The WSU Libraries are pleased to see this level of engagement with student work. Ideally Research Exchange will open up publishing, teaching, employment, or research opportunities for students who are discovered online. Work that might otherwise receive little attention now has an opportunity to reach a wide and engaged audience.

Northwest Advanced Renewables Alliance: Open Access Fosters Scientific Innovation

The Northwest Advanced Renewables Alliance (NARA) is a five-year project led by Washington State University and supported by the Agriculture and Food Research Initiative from the USDA National Institute of Food and Agriculture. Under the umbrella of NARA, universities, private industry and government laboratories authored a wide range of materials that support and evaluate a future wood residual to bio-jet fuel and co-product industry in the Pacific Northwest.

As this project draws to a close, NARA is using Research Exchange to preserve access to the project's accumulated research outputs, including articles, posters, lesson plans, infographics, fact sheets, and media. As NARA's director, Ralph Cavalieri, noted, "WSU Research Exchange allows for a centralized repository where all NARA materials can be properly archived and made accessible, long after the NARA project has ended, to researchers, industry, policy makers and the general public."

North American Fungi: Open Access Facilitates Collaboration

Image shows Chanterelle mushrooms

In 2006, Dean Glawe (Professor Emeritus, Plant Pathology) began his own open access journal--North American Fungi. Glawe continues to work with the WSU Libraries to publish the journal using Open Journal Systems (OJS). He uses the workflows in OJS to receive, edit, and post submissions to the journal website.

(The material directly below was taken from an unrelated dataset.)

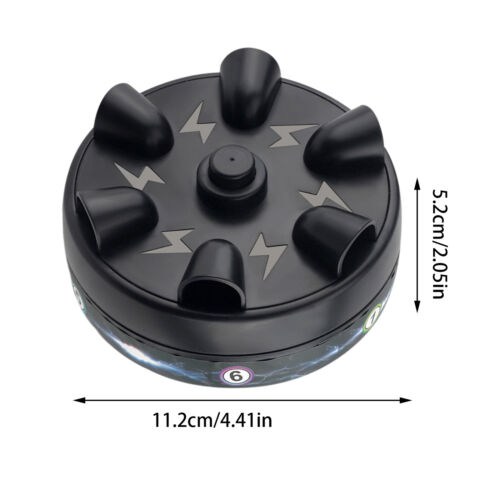 Shocking Roulette Lie Detector Electric Polygraph Test Finger Toy Party Game - Picture 9 of 12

North American Fungi is a peer-reviewed journal, indexed by CAB Abstracts and Scopus. The journal deals with fungal natural history in North America, including taxonomy, nomenclature, ecology, and biogeography. As part of its mission, the journal works to catalog fungi throughout North America--an effort that has been largely neglected by state and federal programs. Glawe values the ability to engage a wide audience via open access publishing. By collecting information from around the country, he hopes to help solve problems in regional agriculture, natural resource-based industries, and human health care.

(Photo credit: Strobilomyces. The image shows Chanterelle Cantharellus cibarius.)